Michael actually worked at the Orland Square Mall — in a formalwear store! — when he was in his early 20s. But I knew nothing about Orland Park. I had heard that the southwest side of Chicago around Marquette Park used to be a landing pad for Arab immigrants (I learned this from the Arab American Action Network after I did a story with them in 2010 for my series Dear Chicago), but I had no real concept of what that community was like. I certainly had never heard that Chicago was home to the country’s largest population of Palestinian immigrants.
But when Michael and I went to Grape Vine, a small middle eastern bakery and grocery, we met the owner, Laila Maali, as well as her landlord and her friend/handyman. Her landlord, Edward Hassan, told us that all three of them came from the same village near Ramallah and that there were more people from their village living in Chicago now than there were left living in the village!
That claim obviously caught my ear; I knew when he said that there was probably a story there, one that I had not heard before and one that surprised me very much.
Hassan’s claim turned out to be exaggerated, but true in its nature; his home village, Beitunia, has traditionally been the largest feeder village of Palestinian immigrants to Chicago.
Hooked yet? I hope so. You can read the full story here. And check out my appearance with Michael Puente on the Afternoon Shift here:
Coincidentally, the story I was working on last week tied into another project I’ve been working on — the Curious City podcast. I took over podcasting for WBEZ recently, and I’ve started working more closely with Jenn Brandel by helping edit the podcast every week.
Last week’s episode featured a story reported by Odette Yousef, our North Side bureau reporter. It deals with the resettlement of refugees on Chicago’s North Side, and answers the question: What is the most diverse neighborhood in the city?
The part that really caught my ear was when Curious City/Bureaus editor (and my pal) Shawn Allee connected the dots between U.S. immigration policy and the physical makeup of the city. When our immigration policy allowed more people from one country to come and settle together, you got neighborhoods like Argyle Street, home to Chicago’s Vietnamese community. But when we let only fewer numbers of people come to the U.S. it was harder for them to make the kind of neighborhood impact that’s easy to see from other ethnic communities. (I’m probably bastardizing Shawn’s words a little bit, but luckily you can listen to the audio above.) I had never made that connection before, and I found it really interesting.
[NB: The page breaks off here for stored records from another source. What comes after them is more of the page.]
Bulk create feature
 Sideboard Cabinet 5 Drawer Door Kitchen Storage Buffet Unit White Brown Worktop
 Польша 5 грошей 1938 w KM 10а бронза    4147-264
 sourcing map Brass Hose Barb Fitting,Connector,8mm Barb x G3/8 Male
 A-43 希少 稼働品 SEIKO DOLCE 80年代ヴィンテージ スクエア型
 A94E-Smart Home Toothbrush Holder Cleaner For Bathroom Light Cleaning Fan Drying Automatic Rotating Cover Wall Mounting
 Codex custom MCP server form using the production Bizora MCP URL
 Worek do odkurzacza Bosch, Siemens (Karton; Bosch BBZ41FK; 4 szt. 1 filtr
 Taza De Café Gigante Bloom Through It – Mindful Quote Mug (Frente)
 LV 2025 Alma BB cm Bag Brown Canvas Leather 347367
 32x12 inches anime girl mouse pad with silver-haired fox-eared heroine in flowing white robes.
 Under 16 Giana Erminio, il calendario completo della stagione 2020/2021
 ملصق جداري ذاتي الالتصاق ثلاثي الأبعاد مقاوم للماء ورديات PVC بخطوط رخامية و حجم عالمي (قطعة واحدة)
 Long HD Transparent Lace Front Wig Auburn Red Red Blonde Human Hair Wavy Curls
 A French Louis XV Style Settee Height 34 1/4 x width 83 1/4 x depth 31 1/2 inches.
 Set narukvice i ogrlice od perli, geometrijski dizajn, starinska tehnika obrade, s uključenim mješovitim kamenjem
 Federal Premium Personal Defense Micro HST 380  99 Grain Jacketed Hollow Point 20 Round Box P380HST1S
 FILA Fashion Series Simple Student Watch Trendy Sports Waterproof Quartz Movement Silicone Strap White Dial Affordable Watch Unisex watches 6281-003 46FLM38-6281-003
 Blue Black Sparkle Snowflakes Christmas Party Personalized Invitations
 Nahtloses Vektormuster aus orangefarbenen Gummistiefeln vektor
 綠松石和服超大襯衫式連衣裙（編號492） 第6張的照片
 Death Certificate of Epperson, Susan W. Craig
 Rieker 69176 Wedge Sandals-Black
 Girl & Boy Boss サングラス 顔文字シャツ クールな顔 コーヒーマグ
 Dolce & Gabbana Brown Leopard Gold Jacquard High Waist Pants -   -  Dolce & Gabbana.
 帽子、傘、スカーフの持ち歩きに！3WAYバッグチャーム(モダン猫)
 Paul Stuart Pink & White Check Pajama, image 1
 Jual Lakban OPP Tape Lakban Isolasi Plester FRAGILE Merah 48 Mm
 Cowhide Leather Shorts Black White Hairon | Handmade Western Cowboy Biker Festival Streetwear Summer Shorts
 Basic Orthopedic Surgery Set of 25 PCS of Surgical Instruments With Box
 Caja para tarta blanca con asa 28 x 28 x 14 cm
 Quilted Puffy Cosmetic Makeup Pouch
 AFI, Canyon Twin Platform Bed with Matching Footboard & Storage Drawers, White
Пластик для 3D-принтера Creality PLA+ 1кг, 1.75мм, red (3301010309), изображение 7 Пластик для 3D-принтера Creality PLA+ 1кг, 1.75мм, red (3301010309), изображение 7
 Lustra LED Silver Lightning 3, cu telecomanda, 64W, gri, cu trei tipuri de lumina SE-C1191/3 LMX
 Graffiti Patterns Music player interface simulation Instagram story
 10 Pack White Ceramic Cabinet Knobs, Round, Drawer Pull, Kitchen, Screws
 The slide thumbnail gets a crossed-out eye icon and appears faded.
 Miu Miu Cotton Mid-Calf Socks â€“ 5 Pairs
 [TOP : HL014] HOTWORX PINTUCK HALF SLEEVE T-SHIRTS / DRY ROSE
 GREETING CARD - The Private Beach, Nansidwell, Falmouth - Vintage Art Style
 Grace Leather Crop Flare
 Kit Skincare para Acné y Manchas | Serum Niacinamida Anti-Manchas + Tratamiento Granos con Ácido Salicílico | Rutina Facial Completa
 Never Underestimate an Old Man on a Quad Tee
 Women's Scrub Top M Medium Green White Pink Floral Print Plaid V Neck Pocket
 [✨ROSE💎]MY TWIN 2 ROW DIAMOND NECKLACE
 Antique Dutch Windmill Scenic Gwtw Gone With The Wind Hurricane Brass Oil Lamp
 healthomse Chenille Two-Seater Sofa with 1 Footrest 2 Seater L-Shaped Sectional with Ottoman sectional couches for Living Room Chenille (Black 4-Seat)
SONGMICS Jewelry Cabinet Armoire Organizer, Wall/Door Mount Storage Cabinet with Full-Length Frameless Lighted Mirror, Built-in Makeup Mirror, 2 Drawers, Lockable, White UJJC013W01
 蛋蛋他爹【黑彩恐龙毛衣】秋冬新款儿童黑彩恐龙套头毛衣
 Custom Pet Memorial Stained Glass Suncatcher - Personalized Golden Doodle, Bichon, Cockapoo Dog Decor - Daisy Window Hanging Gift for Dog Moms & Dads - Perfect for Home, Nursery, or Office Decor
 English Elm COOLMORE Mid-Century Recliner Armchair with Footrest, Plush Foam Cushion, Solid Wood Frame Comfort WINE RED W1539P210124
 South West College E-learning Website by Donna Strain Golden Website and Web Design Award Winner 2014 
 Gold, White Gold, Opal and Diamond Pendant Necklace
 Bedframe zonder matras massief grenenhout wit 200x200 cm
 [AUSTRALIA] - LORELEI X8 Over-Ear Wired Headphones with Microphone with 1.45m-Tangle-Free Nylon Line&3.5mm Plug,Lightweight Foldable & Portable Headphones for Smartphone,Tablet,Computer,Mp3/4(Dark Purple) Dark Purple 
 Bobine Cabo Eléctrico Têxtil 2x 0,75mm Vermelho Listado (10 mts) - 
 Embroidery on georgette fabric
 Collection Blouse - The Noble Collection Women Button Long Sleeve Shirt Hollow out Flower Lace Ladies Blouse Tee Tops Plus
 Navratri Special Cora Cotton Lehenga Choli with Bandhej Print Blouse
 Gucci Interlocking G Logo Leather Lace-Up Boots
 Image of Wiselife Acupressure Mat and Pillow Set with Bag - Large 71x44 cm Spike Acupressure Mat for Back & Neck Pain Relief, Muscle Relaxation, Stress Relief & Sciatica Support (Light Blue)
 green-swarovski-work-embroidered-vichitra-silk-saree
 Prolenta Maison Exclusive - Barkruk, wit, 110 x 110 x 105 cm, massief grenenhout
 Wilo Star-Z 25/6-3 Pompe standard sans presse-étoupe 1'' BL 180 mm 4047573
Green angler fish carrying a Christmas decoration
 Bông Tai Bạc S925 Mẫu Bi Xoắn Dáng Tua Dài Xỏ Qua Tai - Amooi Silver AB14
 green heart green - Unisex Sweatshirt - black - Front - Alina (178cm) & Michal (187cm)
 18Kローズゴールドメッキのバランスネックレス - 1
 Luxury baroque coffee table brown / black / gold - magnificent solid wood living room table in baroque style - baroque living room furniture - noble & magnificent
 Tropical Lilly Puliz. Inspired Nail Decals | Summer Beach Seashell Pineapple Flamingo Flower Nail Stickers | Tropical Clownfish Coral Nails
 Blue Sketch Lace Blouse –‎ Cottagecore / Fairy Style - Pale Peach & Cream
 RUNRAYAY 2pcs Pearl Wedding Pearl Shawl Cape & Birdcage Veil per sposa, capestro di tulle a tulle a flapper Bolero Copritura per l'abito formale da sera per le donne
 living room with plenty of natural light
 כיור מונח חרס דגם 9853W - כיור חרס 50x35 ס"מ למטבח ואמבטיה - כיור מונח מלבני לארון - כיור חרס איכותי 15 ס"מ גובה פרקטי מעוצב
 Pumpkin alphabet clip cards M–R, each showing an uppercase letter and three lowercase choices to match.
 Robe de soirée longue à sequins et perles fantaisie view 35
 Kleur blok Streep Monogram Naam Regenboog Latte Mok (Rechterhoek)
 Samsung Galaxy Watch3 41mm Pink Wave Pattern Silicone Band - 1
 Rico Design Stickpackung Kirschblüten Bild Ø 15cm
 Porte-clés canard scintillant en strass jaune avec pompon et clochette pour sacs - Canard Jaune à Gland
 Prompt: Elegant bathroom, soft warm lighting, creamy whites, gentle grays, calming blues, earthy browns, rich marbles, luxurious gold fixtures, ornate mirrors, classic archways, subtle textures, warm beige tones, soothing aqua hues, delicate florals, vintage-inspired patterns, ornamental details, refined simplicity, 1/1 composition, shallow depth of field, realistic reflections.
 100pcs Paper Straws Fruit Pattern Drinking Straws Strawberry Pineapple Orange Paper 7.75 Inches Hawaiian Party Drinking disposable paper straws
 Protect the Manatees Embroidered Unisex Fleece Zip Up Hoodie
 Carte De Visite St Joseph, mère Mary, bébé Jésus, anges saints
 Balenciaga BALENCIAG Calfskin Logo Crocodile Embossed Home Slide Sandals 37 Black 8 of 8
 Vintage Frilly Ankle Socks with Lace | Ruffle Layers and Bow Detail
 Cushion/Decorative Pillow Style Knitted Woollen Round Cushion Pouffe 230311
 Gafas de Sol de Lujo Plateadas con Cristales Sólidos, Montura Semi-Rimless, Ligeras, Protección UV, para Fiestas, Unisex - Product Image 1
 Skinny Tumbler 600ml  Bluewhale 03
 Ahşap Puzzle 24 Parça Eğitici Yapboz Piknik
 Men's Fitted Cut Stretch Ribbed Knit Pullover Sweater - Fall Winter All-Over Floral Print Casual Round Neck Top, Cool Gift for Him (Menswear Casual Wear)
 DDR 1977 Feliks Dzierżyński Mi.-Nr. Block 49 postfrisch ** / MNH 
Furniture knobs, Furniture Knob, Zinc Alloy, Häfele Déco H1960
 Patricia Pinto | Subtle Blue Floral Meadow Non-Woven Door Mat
Palestinians immigrants living here are not refugees in that the U.S. government does not recognize them as such. But they and Chicago’s other Arab immigrants have clearly left their mark on the region, whether it’s in the form of the new mosque in Orland Park or the businesses along Lawrence and Kedzie on the Northwest Side of Chicago. Next though, I want to go to Bridgeview, Ill. It has the oldest and most established Arab American community in the Chicago area, and the oldest mosque. I think it is also more densely populated and urban, as it has its center between 79th and 87th along Harlem. (How that is not a part of Chicago I don’t know.) The expert I interviewed for my story, Louise Cainkar of Marquette University, said she once counted over 100 Arab-owned businesses in that one mile stretch of street!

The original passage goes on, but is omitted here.